The Lord Selkirk Park complex, a collection of residential buildings tucked along a curve of Dufferin Avenue in the city’s North End, was created in 1967. By the late 1980s, it had become plagued by poverty and violence, leading to abandoned and boarded-up units.
“It’s indescribable what this park, that we call it, looked like. I’ve seen third-world countries that lived better than they did here in the ’90s,” Carolyn Young of Manidoo Gi-Miini Gonaan, a non-profit child-care centre in the neighbourhood, says in the documentary by Ian Mauro and Jim Silver.
“They referred to Lord Selkirk Park as a place of last resort to live, a war zone,” says Janice Goodman of the North End Community Renewal Corporation.
“It was very, very hard to live here. There was so much gangs. You couldn’t go outside without fearing what’s going to happen to you,” Madeline Hatch, a longtime resident, says in the doc.

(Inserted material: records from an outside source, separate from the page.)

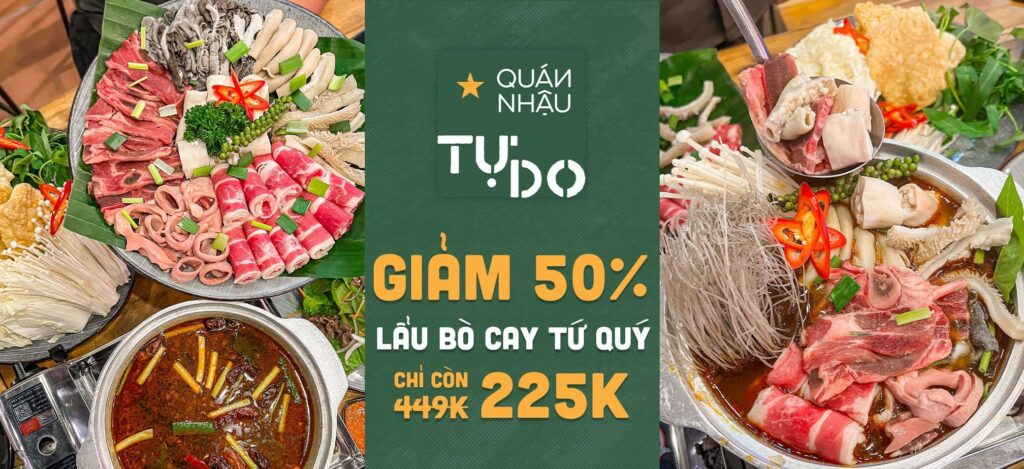 quán nhậu tự do ưu đãi khai trương cơ sở mới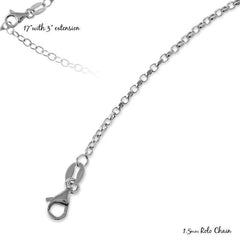 Sterling Silver Rhodium Plated 1.5mm Rolo Chain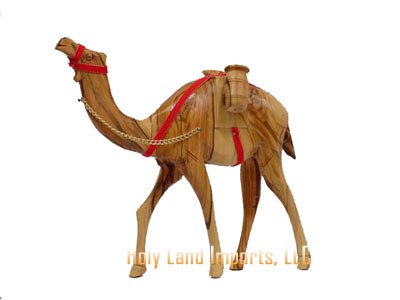 Olive Wood Camel With Water Jars (10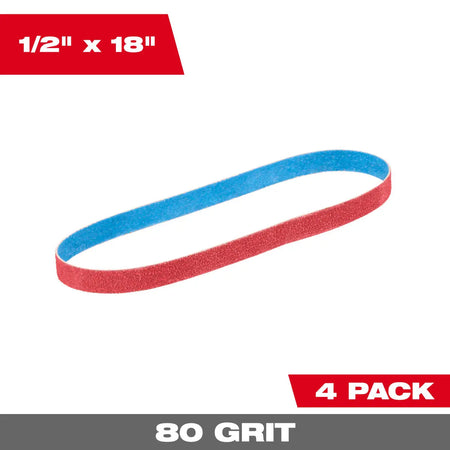Milwaukee 48-80-9000 - 1/2” x 18” 40/60/80/120 Grit Bandfile Belts – 4 pack variety - Wise Line Tools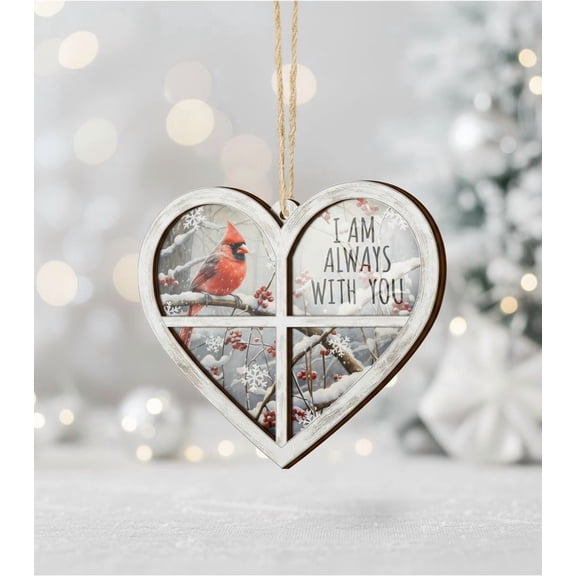 All Over Printed Cardinal Bird Christmas Ornaments Memorial Christmas Ornament 3.2"x3.5" 2 Layer Ornament Sympathy Ornaments for Christmas Decorations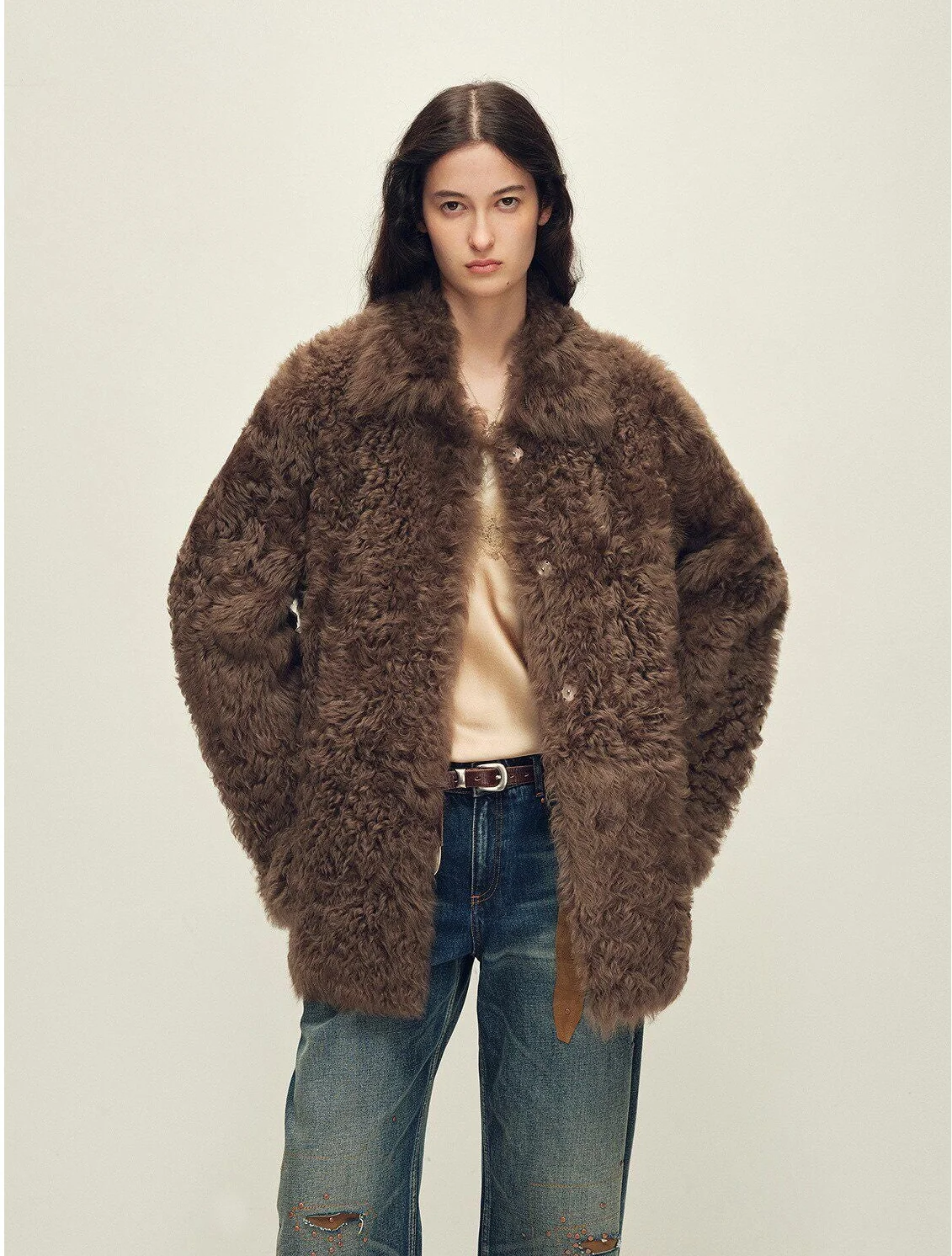 Curly Shearling Jacket - Image 14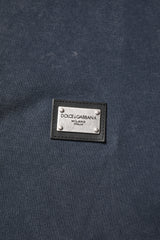 Dolce & Gabbana Dark Blue Logo Plaque Cotton Men Polo Shirt T-shirt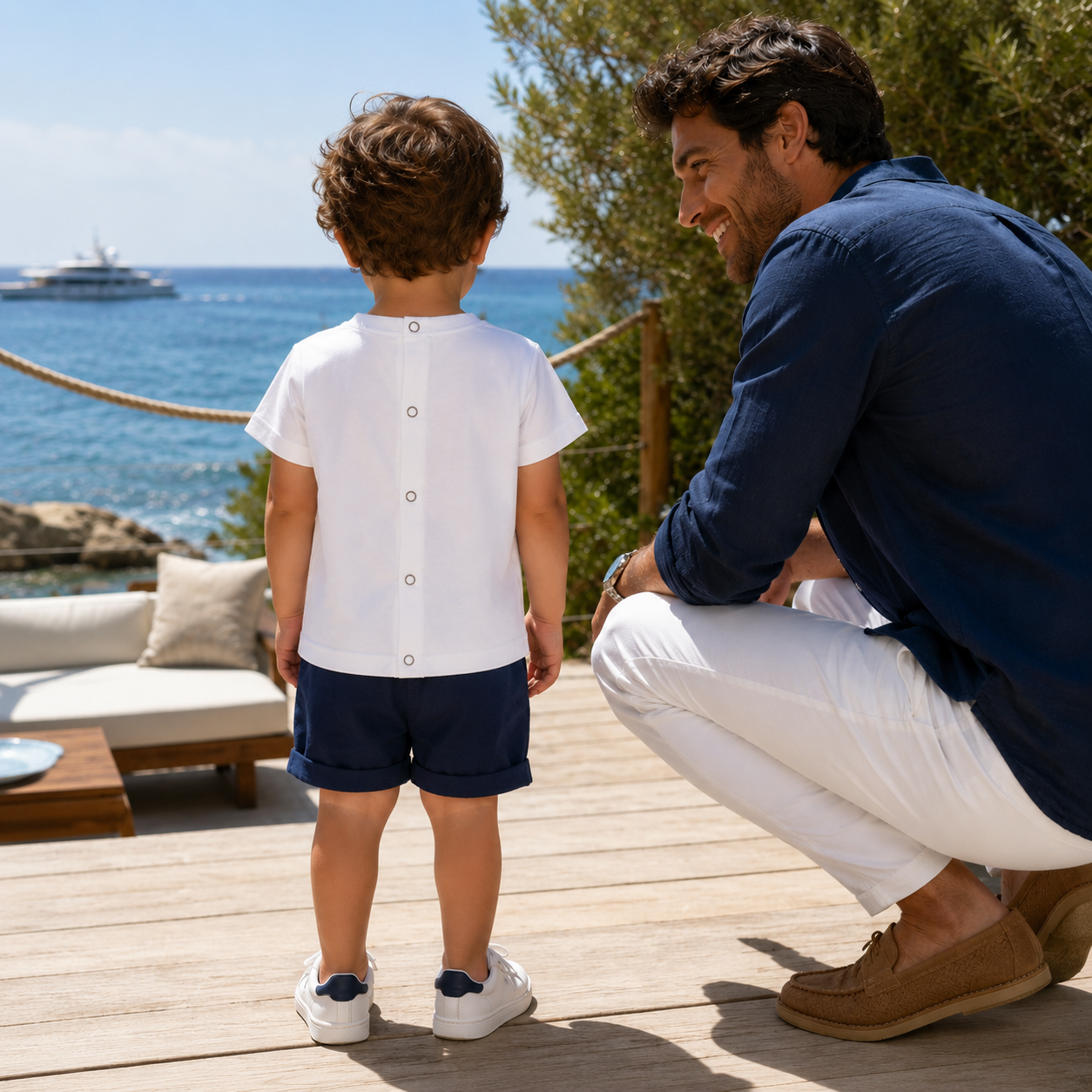 White kids' t-shirt with attached suspenders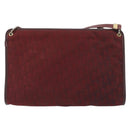 Christian Dior Trotter Canvas Shoulder Bag Red Gold Auth 193068-2
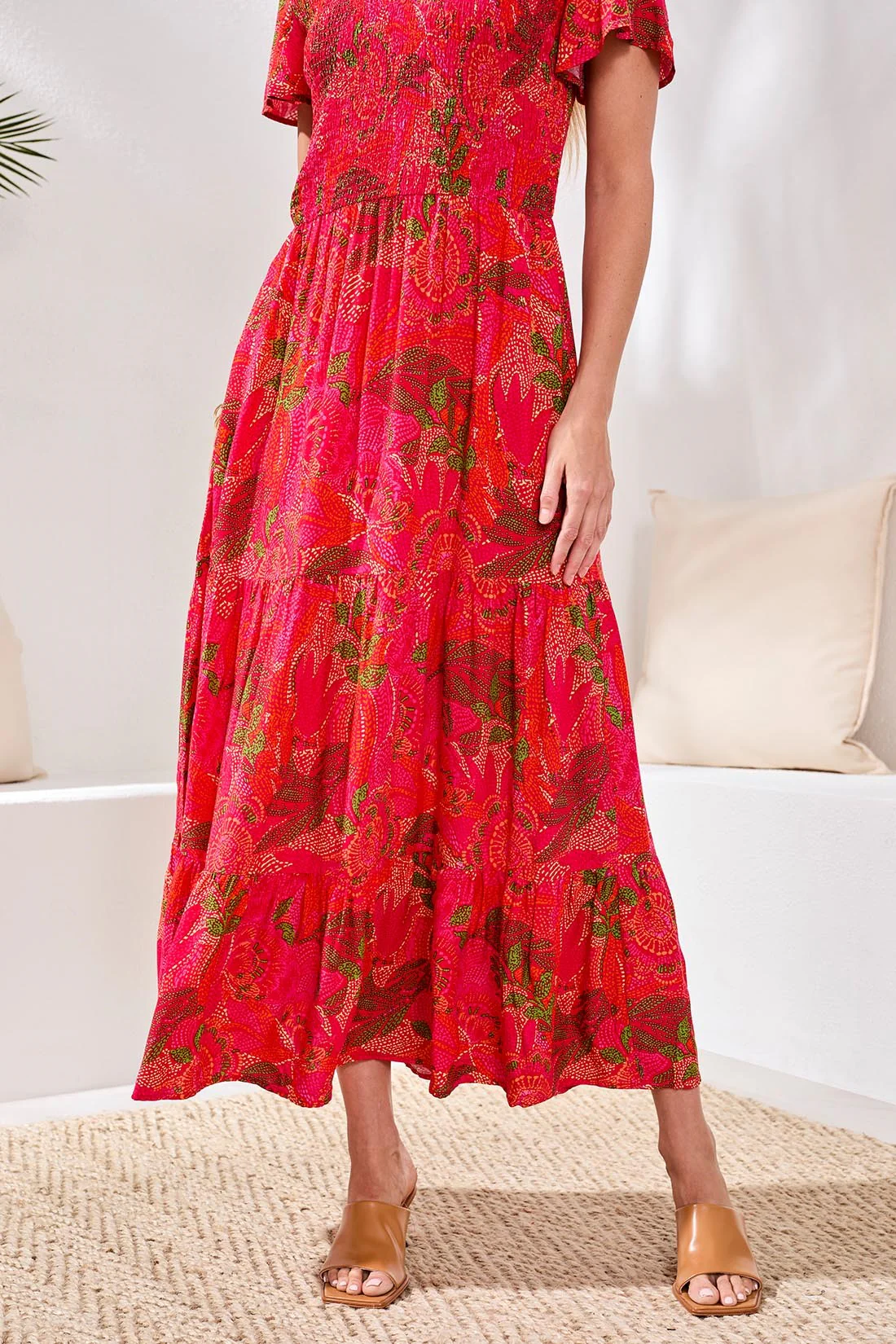 Ruched-Top Short Sleeve Maxi Dress-Sangria - Image 2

In 2005, Manitoba Research Alliance — group of academic researchers and community and government partners —began working with Goodman’s group to see if something could be done.
“When we came in here, some people were saying, ‘This place is a mess. We ought to bulldoze it,'” said Silver, a member of the MRA and a professor of urban and inner-city studies at the University of Winnipeg.
Rather than raze it, the groups went about revitalizing it…
The changes helped neighbours meet and shattered the social isolation. Many new immigrant families live in the area, tending to the gardens, raising their children in a community where people help and look after one another.